Microsoft CEO Steve Ballmer is part of a team hoping to move the Sacramento Kings to Seattle.

For a team as bad as the NBA's Sacramento Kings, there sure are a lot of people in California who don't want to see them leave – just apparently not enough to keep game attendance very high.

Following news that the Kings will almost certainly be sold and relocated to Seattle, things are getting heated in California. Microsoft's CEO, Steve Ballmer, is part of a team that has proposed buying a majority interest the Kings for $341 million, and one California state senator is none to pleased at his involvement.

Senate President Pro Tem Darrell Steinberg wrote a letter to Fred Klass, director of the California Department of General Services, questioning why the head of a company with significant ties to California would buy and move a team to Seattle.
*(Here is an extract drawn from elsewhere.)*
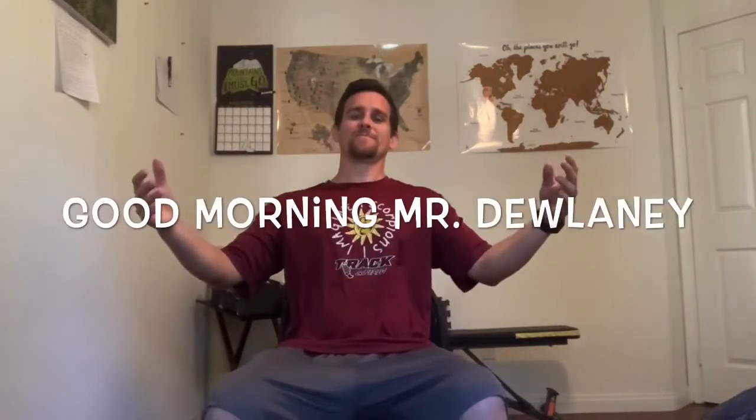Good morning everybody, thank you so much for coming here to see what it's like to do PE at home. What I have to show you are a few different activities, exercises, and a warm-up that will help you be healthy throughout the time that we're gone, so you can stay healthy enough to fight off any diseases.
Part of Steinberg's argument revolves around the fact that the move would cost the state jobs, something he says Ballmer shouldn't be a part of.

"If [the potential move is] true," Steinberg wrote, "I am troubled that a company and a CEO that has for so long enjoyed a prosperous and beneficial working relationship with the State of California and its taxpayers would blatantly engage in activities which are clearly and measurably detrimental to our State's job and revenue base – not to mention use profits earned through business with our State to appropriate a California-based asset."

Steinberg's letter goes on to ask Klass for information regarding how much money the city of Sacramento and state of California have paid to Microsoft for various contracts.

While he admits he has no direct involvement in determining the state's contracts, Steinberg concludes his letter by implying he will fight to keep the Kings in Sacramento.

"As a state legislator, I am well aware that I have no direct role in the day-to-day management of the State's technology procurement processes," he wrote, "but I cannot stand idly by while a prominent out-of-state company that has significantly profited from business with the State of California actively attempts to acquire and remove one of my State and my region's leading private assets."

The full letter can be read at USA Today, one of the media outlets Steinberg distributed the letter to in addition to Klass.